Crawled caption data:

◇ ◇ ◇ ◇ ◇

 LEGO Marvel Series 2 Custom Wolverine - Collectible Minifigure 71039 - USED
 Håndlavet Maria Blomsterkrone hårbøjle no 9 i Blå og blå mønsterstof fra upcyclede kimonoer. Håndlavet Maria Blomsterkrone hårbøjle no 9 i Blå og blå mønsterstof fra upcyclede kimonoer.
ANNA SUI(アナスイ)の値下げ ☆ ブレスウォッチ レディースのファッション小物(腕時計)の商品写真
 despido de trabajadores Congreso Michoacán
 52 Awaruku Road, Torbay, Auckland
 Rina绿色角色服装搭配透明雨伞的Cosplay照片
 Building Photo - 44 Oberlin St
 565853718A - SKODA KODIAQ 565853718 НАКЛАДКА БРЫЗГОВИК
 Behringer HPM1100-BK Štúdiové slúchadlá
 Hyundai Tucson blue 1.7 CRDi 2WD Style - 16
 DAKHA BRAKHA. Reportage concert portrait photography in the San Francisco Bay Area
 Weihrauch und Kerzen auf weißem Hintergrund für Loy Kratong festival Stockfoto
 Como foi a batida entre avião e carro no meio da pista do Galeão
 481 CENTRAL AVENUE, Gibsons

◇ ◇ ◇ ◇ ◇

Instructions to follow |
Without omitting anything, reproduce the whole of the data.

Response box |
 LEGO Marvel Series 2 Custom Wolverine - Collectible Minifigure 71039 - USED
 Håndlavet Maria Blomsterkrone hårbøjle no 9 i Blå og blå mønsterstof fra upcyclede kimonoer. Håndlavet Maria Blomsterkrone hårbøjle no 9 i Blå og blå mønsterstof fra upcyclede kimonoer.
ANNA SUI(アナスイ)の値下げ ☆ ブレスウォッチ レディースのファッション小物(腕時計)の商品写真
 despido de trabajadores Congreso Michoacán
 52 Awaruku Road, Torbay, Auckland
 Rina绿色角色服装搭配透明雨伞的Cosplay照片
 Building Photo - 44 Oberlin St
 565853718A - SKODA KODIAQ 565853718 НАКЛАДКА БРЫЗГОВИК
 Behringer HPM1100-BK Štúdiové slúchadlá
 Hyundai Tucson blue 1.7 CRDi 2WD Style - 16
 DAKHA BRAKHA. Reportage concert portrait photography in the San Francisco Bay Area
 Weihrauch und Kerzen auf weißem Hintergrund für Loy Kratong festival Stockfoto
 Como foi a batida entre avião e carro no meio da pista do Galeão
 481 CENTRAL AVENUE, Gibsons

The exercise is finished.